Performing was a logical continuation of his childish exhibitionism. His first field of endeavour was the swimming pool, where he triumphed as Australian Junior Backstroke Champion in 1946. Out of the water, he successfully auditioned for Australia’s Amateur Hour, regaling radio audiences with the manic scatting that he called his “virtuoso boogie-woogie”; as well, at the age of 16 he precociously entered a painting – a self-portrait, of course – for the Archibald Prize. In a poem written for Rolf’s 70th birthday, Clive James called him “the incarnation of / The Australian spirit, spry yet down to earth”, but that tribute muffles Rolf’s raucously high-spirited behaviour. In his heyday he was not so much spry as bizarre, and far from being down to earth he usually seemed to be in orbit somewhere above it, bounced about by the jolting rhythms of his wobbleboard. Level, taciturn, dun-coloured Australia could not contain this over-energised jester for long.

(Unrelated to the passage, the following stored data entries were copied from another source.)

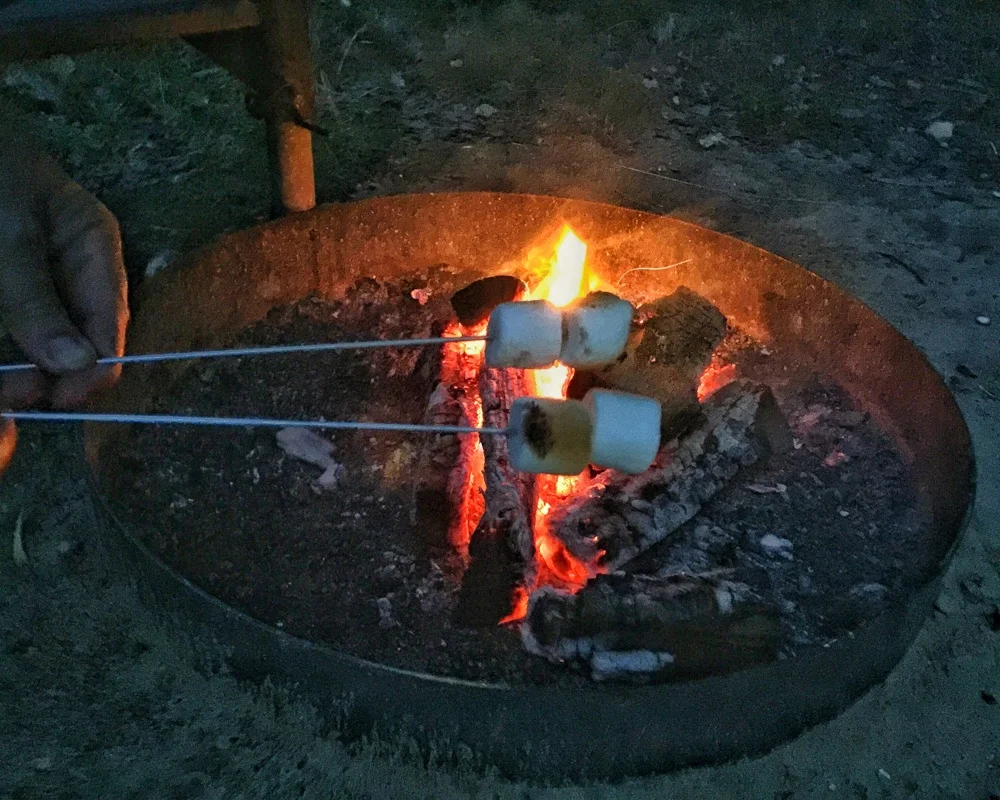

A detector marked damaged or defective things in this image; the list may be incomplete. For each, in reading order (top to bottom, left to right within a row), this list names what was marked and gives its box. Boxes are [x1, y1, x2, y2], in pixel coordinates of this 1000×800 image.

scorched wood [456, 366, 540, 628]
rusted fire pit rim [82, 191, 972, 780]
scorched wood [524, 572, 780, 680]
scorched wood [548, 380, 788, 572]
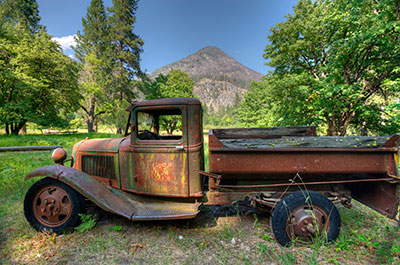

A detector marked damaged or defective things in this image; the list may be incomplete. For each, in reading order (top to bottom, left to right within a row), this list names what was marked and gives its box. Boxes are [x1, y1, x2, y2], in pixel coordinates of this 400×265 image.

rusty truck [23, 97, 398, 245]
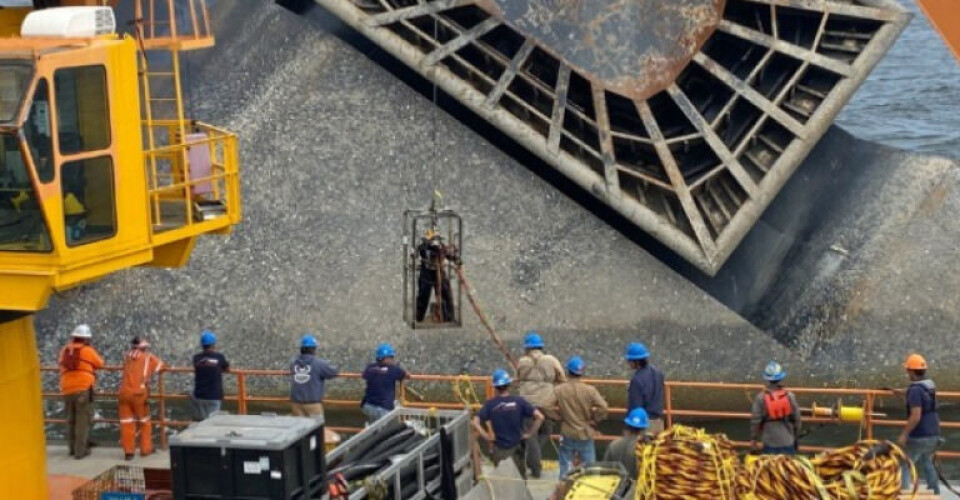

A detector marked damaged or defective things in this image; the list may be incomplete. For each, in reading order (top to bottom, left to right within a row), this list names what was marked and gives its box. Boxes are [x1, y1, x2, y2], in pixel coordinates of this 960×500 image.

rusty metal structure [314, 0, 908, 274]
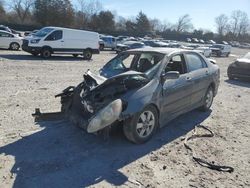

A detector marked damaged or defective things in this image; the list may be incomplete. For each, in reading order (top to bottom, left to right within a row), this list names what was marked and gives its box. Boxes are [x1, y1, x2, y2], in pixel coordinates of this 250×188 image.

crashed silver car [32, 47, 219, 143]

A young Rolf Harris. Photo: rolfharris.com
In 1952, Rolf sailed off to London to attend art school. On the way, he busked for the captive audience on board the ship; on arrival, he made it his personal mission to enliven the stiff, staid British. At his boarding house in Earls Court, he erupted into the breakfast room each morning, barefoot and wearing only shorts, to greet his fellow lodgers with a megaphonic reveille. “How’s it going?” he used to yell. “C’mon, give us a big smile!” The fortress of frosty reserve did not crumble.

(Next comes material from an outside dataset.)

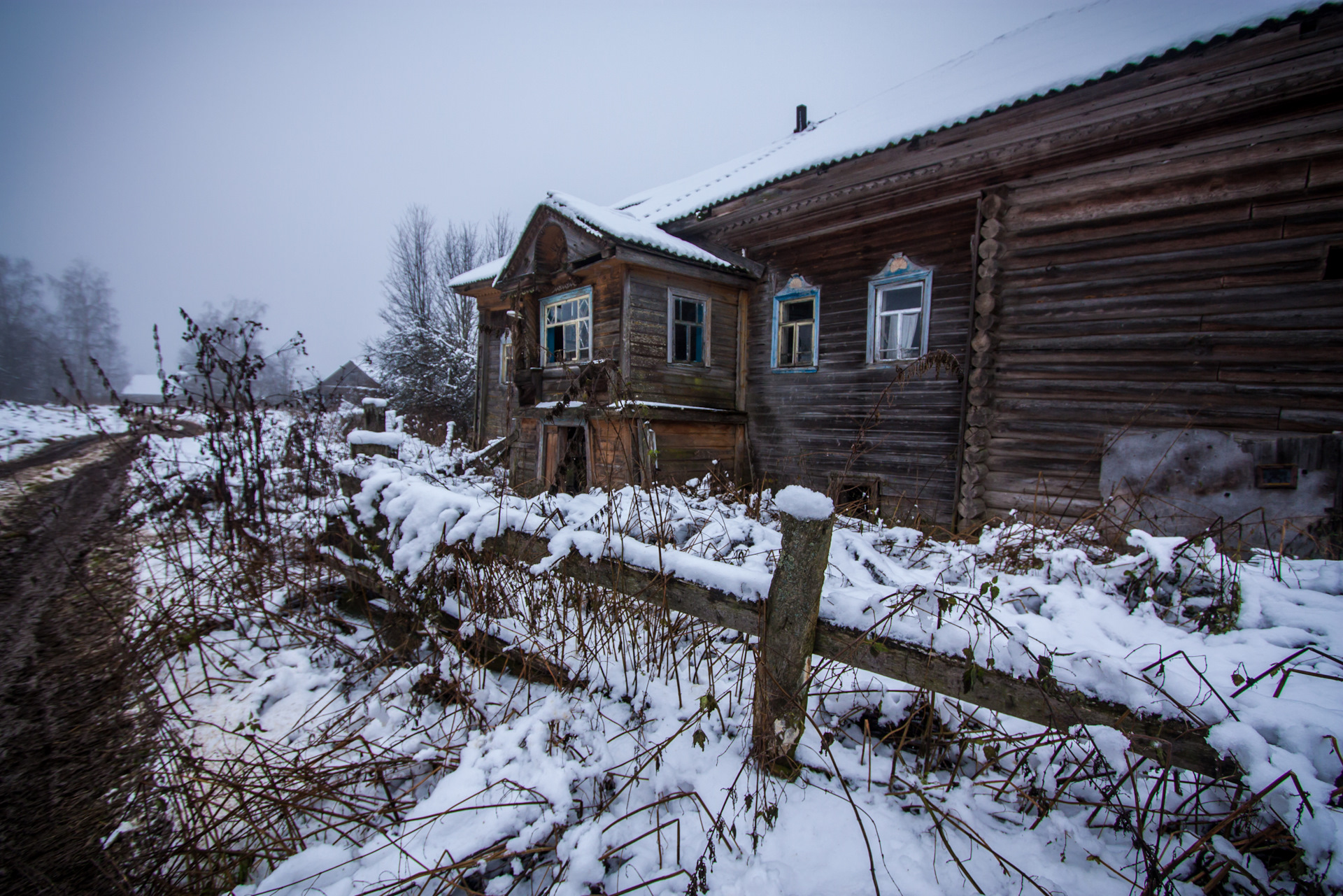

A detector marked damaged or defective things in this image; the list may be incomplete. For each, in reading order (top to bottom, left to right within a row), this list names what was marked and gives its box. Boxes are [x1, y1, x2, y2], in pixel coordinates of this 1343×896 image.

broken window [542, 291, 590, 368]
broken window [669, 294, 709, 365]
broken window [865, 253, 929, 362]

Rolf’s unglamorous art school in South London bored him, so he strayed into cabaret and performed with his accordion in an expat den called the Down Under Club. Soon, bluffing his way into a studio, he popped up on television, where he began by nattering matily to a puppet called Fuzz. Towards the end of the 1950s came his forays into the hit parade, with the droning ballad ‘Tie Me Kangaroo Down, Sport’ and the outback aubade ‘Sun Arise’. By the late 1960s, Saturday evenings on the BBC belonged to The Rolf Harris Show, and on weekday afternoons his cartoon programs made him the nation’s designated child-minder. A flickering box had supplanted the hearth as the source of conviviality in British households; leering cheerily out of it, Rolf doodled caricatures or graphic puzzles, and like a latter-day Welsh bard organised singalongs that were accompanied by the didgeridoo or the jew’s harp or the buzzing Stylophone or a whoop-whooping length of plywood. In addition he whistled, drummed on his face or used his tonsils as a percussion instrument, babbling rhythmically in a nonsensical coloratura that could be transcribed as “bumph, dee, bumph, dee, chuph, chuph, bumph, bumph, bumph, brrrrrrr” or “wunna wanna worree wa wether”.

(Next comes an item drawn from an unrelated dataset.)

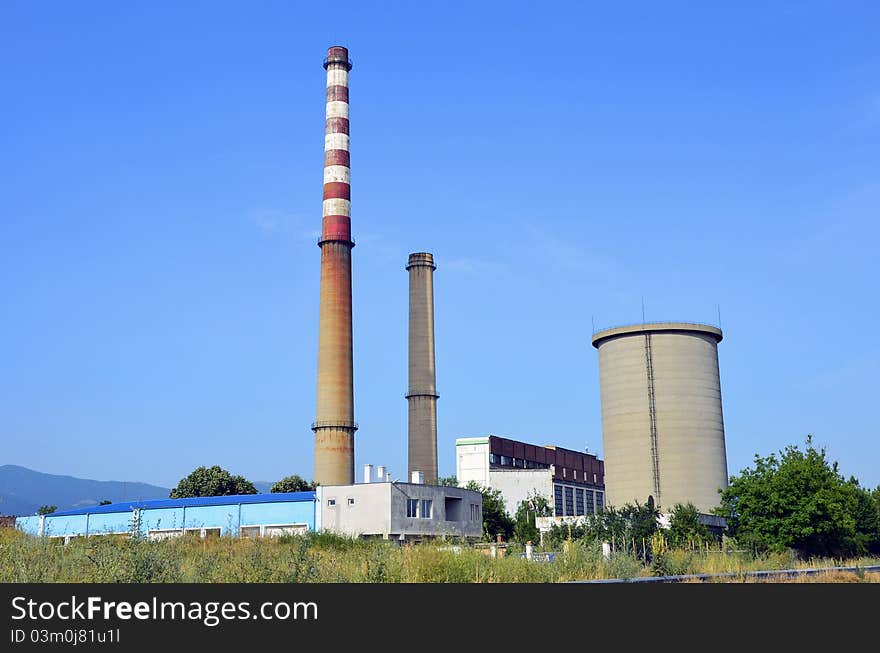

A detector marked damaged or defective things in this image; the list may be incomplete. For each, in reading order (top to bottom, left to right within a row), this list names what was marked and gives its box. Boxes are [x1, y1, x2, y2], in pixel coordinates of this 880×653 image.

rusty metal structure [312, 44, 358, 484]
rusty metal structure [406, 253, 440, 484]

His body functioned as a magician’s bag of tricks, and for his song about Jake the Peg – reprised, to the prosecutor’s astonishment, at his trial – he grew a third leg, the precursor of Sir Les Patterson’s impertinent trouser snake. When the BBC allowed Rolf to stray into the commercial sector, he advertised house paint, car insurance and the benefits of drinking milk. Purportedly good with people, he seemed to be especially trustworthy with children. He therefore appeared in a video to recommend swimming lessons, splashing in a pool with some under-age playmates, and in 1985 made another educational video in which he advised a group of tiny tots against allowing adults to touch their sacrosanct bodies.
Throughout all this, Rolf’s most significant achievement may be that he endeared himself to his adoptive country without toning down his larrikin act. When he arrived in London, Australians either had to pass themselves off as Brits or else – like the comedian Bill Kerr, the butt of Tony Hancock’s jibes in the radio series Hancock’s Half Hour – be treated as village idiots. Rolf’s mother had coached him to smooth and round out his vowels, but he resisted her tuition; in London he was told that he sounded like “some sort of second-rate cockney” and advised, if he wanted work on the BBC, to “lose that atrocious accent”. When he recorded ‘Tie Me Kangaroo Down, Sport’ in 1957, he even had to bully the Australian back-up singers into using their own lazy drawl instead of a fake American twang: “I don’t want ‘tar mah kangaroo dayown, sporrrt’,” he told them.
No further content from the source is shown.